Eliud Kipchoge zum dritten Mal bester Marathonläufer der Welt?

Eliud Kipchoge könnte als erster Straßenläufer der Welt zum dritten Mal in Folge zum besten Marathonläufer des Jahres gewählt werden. Der kenianische Marathon-Olympiasieger, der im September den Berlin-Marathon gewann, ist einer der beiden Kandidaten für diesen Preis, den die Vereinigung der internationalen Marathon- und Straßenlaufveranstalter AIMS jährlich vergibt. Sein Konkurrent ist sein Landsmann Geoffrey Kirui, der in diesem Jahr den WM-Titel gewann und zuvor bereits in Boston triumphiert hatte.

Auch bei den Frauen wurde die Marathon-Weltmeisterin von London für den „Best Marathon Runner“-Preis nominiert: Rose Chelimo (Bahrain). Die andere Kandidatin ist Mary Keitany.

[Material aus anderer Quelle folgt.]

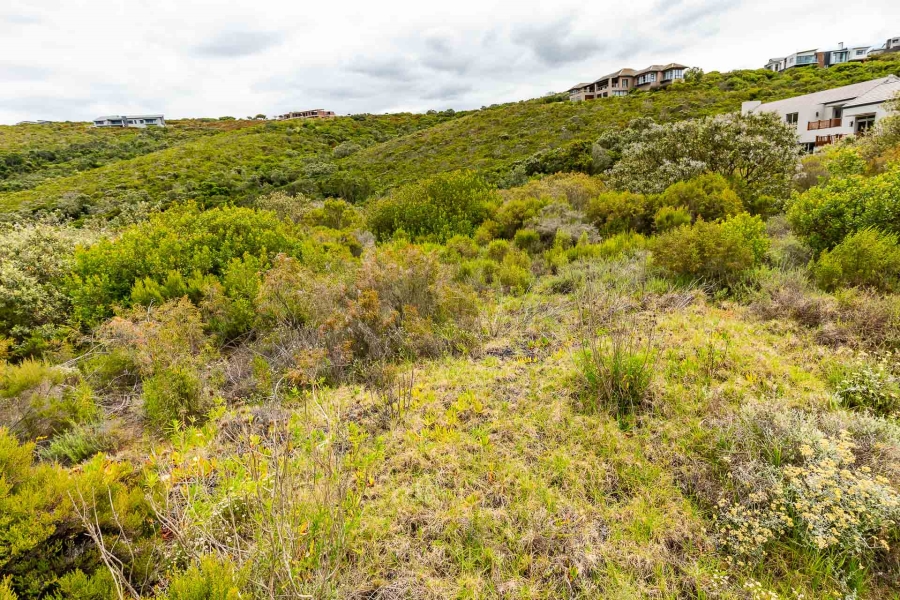 0 Bedroom Property for Sale in Breakwater Bay Eco Estate Western Cape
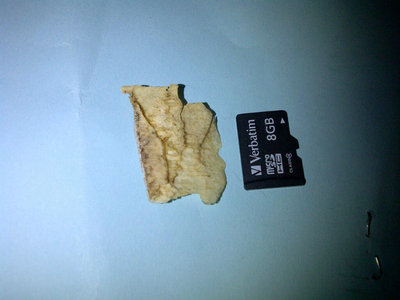 IMG-20110226-00012.jpg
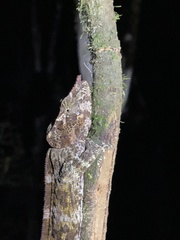 Calumma crypticum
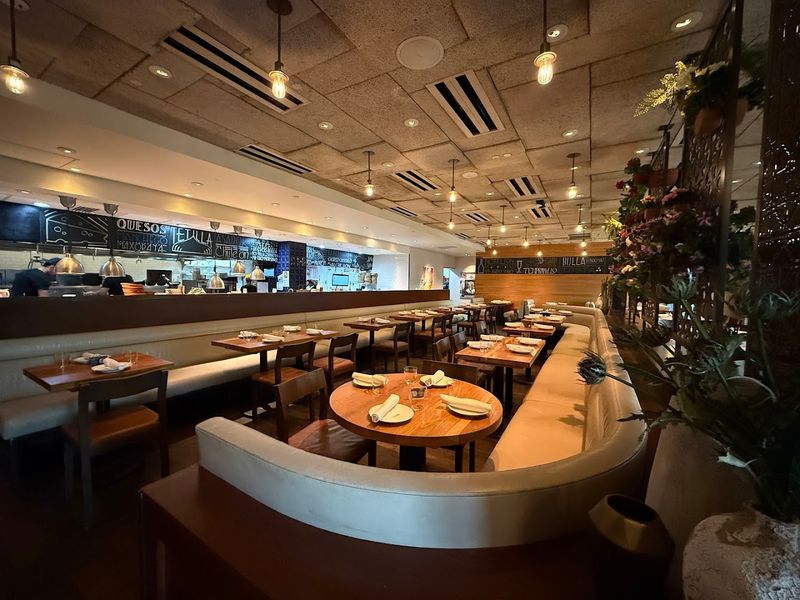 The Rooftop Bar Experience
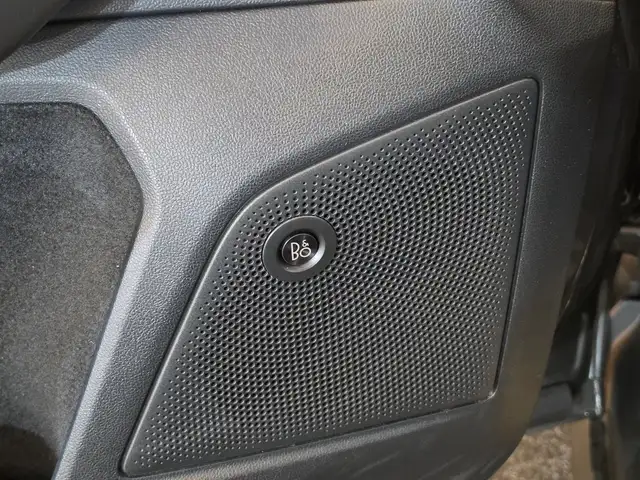 Ford Focus view 18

Die Kenianerin gewann im April in London und erzielte dabei mit 2:17:01 Stunden einen Afrikarekord und einen Weltrekord für reine Frauen-Marathonrennen. Am letzten Sonntag wurde sie allerdings überraschend nur Zweite beim New York City Marathon.

Die Ehrung der weltbesten Marathonläufer und -läuferinnen findet heute am Freitag im Rahmen der AIMS-Gala statt.

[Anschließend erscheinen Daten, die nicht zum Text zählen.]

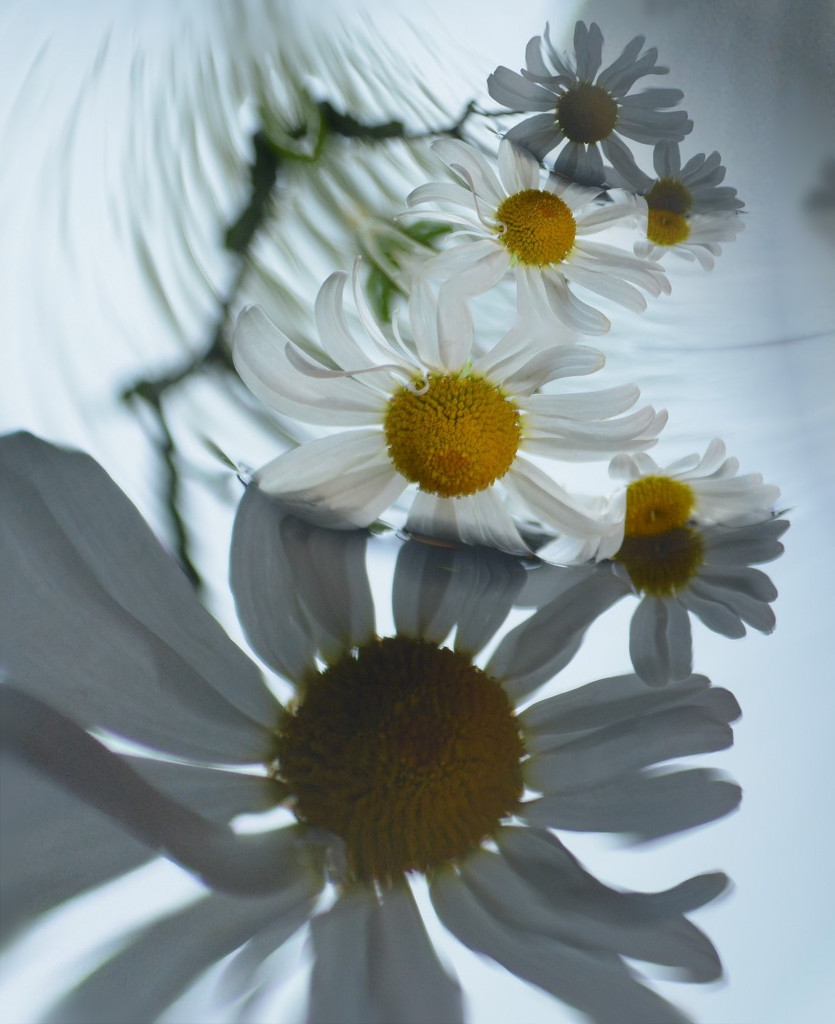 White daisies........... by ziggy77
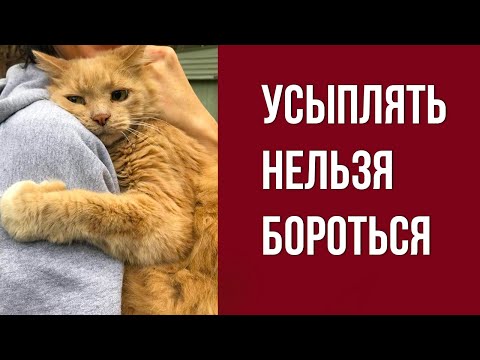 Видео: Когда нельзя усыплять кошку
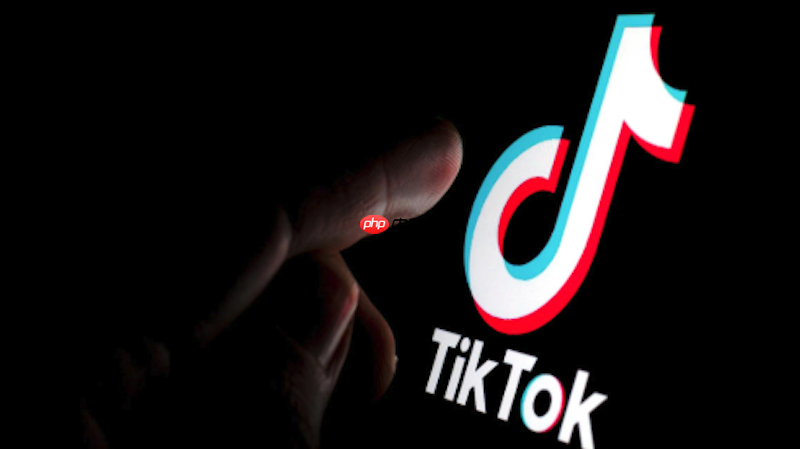 tiktok搜索不到笔记怎么办 tiktok笔记搜索优化与操作方法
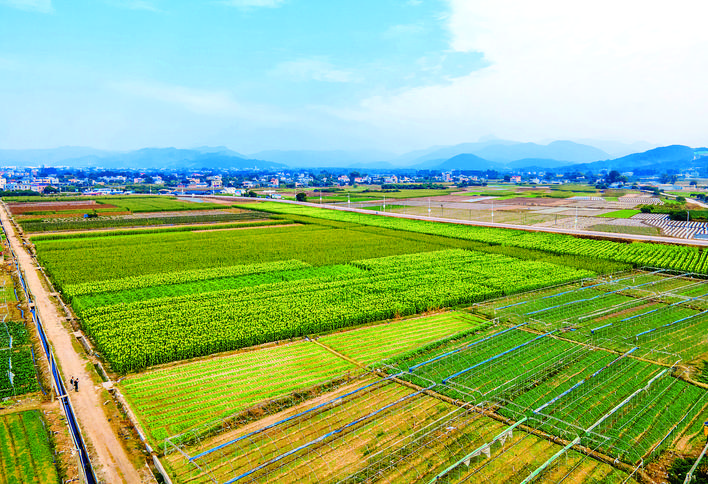     国家级农业龙头企业惠东县伦信农业有限公司标准化蔬菜种植基地。 惠州日报记者钟畅新 摄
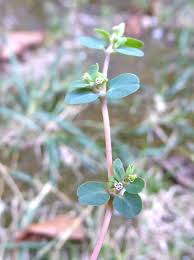 Image result for Euphorbia serpens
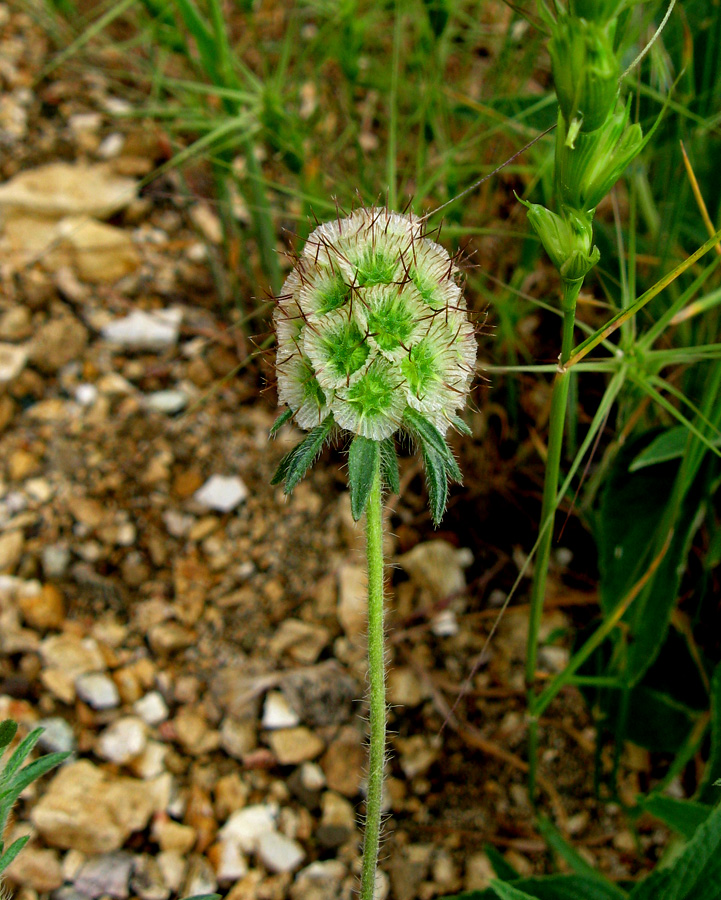 Image of Lomelosia micrantha specimen.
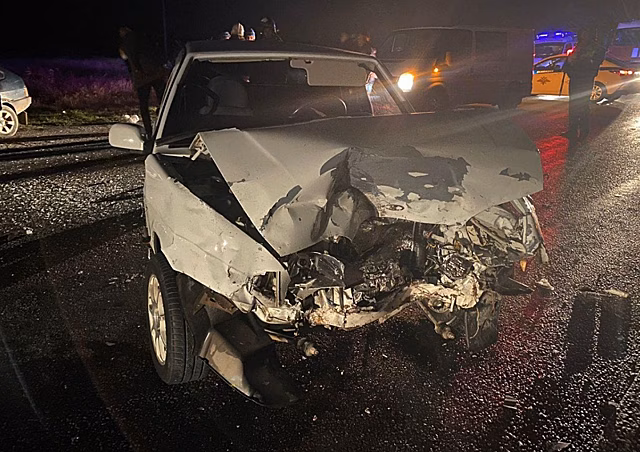 На дорогу выбежала собака: на Дону в ДТП пострадали два человека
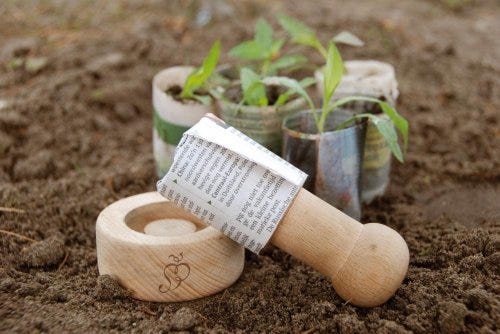 32 Unique Gifts for Gardeners Who Have Everything 2024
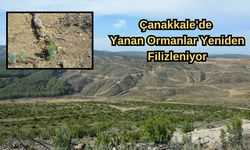 Çanakkale’de yanan ormanlar yeniden filizleniyor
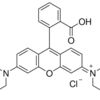 Rhodamine B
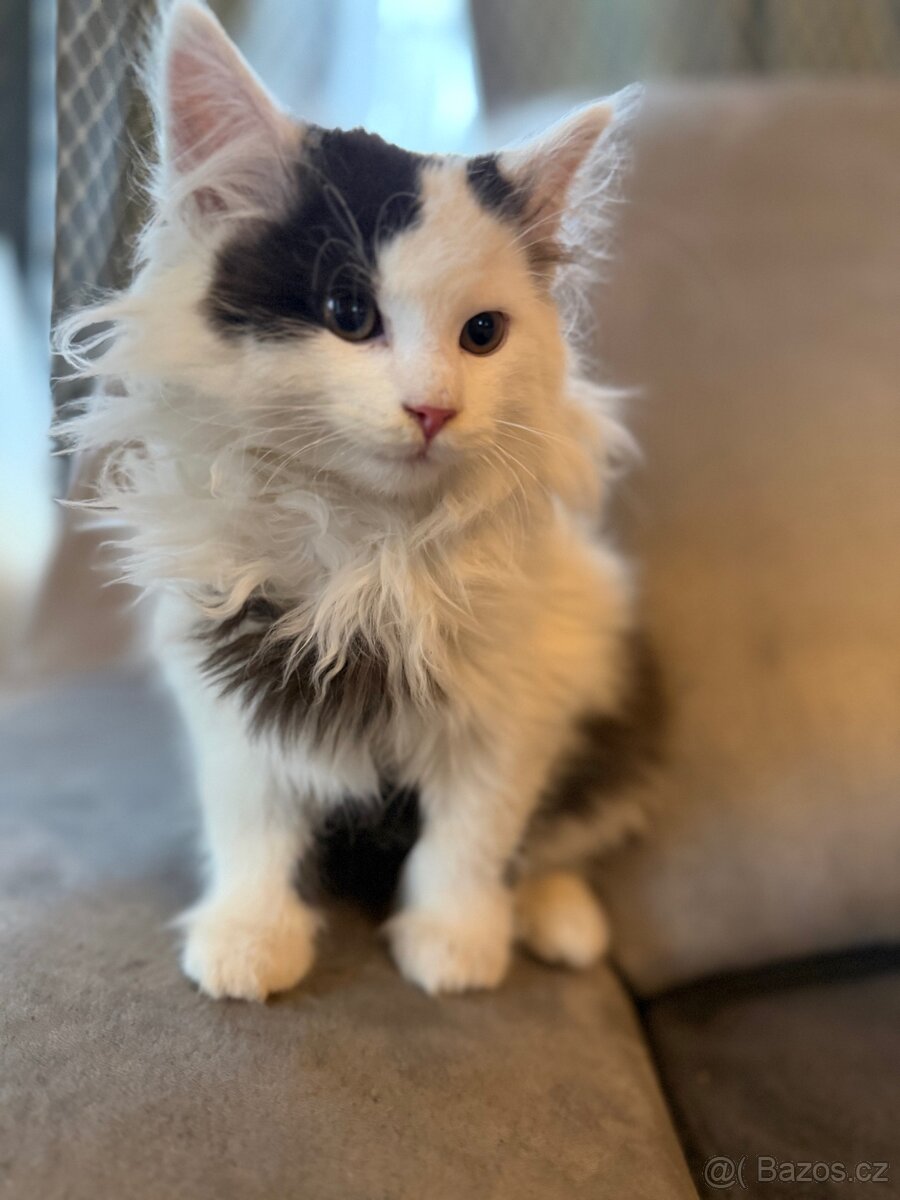 Mainská mývalí - 3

Am Sonnabend läuft das Marathon-Programm in Athen weiter mit dem 11. AIMS Symposium, das auf Initiative von Horst Milde, dem früheren Berlin-Marathon Race Director, am 3. November 2007 eingeführt wurde und von ihm bis heute geleitet wird.

Danach veranstaltet SEGAS, der Griechische Leichtathletik-Verband  eine Zeremonie an der Grabstelle der gefallenen Athener.